What you are asked to do: Lines before the one containing "LiJiang ancient city." are left out; that line and all after it, through the end of the records, must be transcribed exactly.

━━━━━ Provided data

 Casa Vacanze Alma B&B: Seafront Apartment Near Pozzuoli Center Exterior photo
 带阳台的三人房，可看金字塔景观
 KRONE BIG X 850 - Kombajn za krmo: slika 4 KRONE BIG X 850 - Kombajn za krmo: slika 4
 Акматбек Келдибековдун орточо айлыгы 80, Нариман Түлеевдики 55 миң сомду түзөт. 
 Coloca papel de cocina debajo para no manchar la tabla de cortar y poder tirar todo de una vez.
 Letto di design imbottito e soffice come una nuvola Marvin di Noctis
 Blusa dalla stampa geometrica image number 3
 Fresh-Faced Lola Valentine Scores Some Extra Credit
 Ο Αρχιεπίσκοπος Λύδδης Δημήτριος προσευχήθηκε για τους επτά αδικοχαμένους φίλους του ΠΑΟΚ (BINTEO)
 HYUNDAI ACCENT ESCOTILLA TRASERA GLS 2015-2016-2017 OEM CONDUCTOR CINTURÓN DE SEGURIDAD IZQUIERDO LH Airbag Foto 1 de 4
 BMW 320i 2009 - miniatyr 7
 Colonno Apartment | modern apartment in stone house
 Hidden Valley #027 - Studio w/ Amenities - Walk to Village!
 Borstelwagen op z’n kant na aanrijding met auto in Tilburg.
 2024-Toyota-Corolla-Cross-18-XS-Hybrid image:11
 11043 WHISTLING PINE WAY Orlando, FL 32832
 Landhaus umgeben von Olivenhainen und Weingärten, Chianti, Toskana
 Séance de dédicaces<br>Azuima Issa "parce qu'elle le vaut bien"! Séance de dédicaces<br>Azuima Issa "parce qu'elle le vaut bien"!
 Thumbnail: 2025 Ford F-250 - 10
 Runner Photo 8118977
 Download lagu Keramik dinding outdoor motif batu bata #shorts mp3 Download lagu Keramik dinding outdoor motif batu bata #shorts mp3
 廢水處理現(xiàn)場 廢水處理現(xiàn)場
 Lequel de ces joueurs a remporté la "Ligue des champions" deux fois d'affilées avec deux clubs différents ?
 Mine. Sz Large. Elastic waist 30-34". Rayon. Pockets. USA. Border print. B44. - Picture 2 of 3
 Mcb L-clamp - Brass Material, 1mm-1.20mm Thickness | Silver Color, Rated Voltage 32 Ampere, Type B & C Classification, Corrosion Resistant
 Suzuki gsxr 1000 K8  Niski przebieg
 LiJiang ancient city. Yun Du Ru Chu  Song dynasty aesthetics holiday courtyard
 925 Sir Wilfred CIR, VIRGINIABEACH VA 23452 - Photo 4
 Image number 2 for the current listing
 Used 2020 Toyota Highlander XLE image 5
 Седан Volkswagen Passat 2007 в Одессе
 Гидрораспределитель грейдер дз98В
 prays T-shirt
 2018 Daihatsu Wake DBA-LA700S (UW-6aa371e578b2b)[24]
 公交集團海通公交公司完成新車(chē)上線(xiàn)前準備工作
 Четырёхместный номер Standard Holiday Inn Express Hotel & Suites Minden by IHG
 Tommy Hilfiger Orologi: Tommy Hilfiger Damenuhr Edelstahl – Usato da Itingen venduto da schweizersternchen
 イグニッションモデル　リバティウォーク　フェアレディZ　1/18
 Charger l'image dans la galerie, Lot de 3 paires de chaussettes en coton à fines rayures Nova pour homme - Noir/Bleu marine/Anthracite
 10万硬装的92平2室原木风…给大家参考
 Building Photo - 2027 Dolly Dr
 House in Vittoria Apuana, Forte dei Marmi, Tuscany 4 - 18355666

━━━━━━━━━━

Result below:
 LiJiang ancient city. Yun Du Ru Chu  Song dynasty aesthetics holiday courtyard
 925 Sir Wilfred CIR, VIRGINIABEACH VA 23452 - Photo 4
 Image number 2 for the current listing
 Used 2020 Toyota Highlander XLE image 5
 Седан Volkswagen Passat 2007 в Одессе
 Гидрораспределитель грейдер дз98В
 prays T-shirt
 2018 Daihatsu Wake DBA-LA700S (UW-6aa371e578b2b)[24]
 公交集團海通公交公司完成新車(chē)上線(xiàn)前準備工作
 Четырёхместный номер Standard Holiday Inn Express Hotel & Suites Minden by IHG
 Tommy Hilfiger Orologi: Tommy Hilfiger Damenuhr Edelstahl – Usato da Itingen venduto da schweizersternchen
 イグニッションモデル　リバティウォーク　フェアレディZ　1/18
 Charger l'image dans la galerie, Lot de 3 paires de chaussettes en coton à fines rayures Nova pour homme - Noir/Bleu marine/Anthracite
 10万硬装的92平2室原木风…给大家参考
 Building Photo - 2027 Dolly Dr
 House in Vittoria Apuana, Forte dei Marmi, Tuscany 4 - 18355666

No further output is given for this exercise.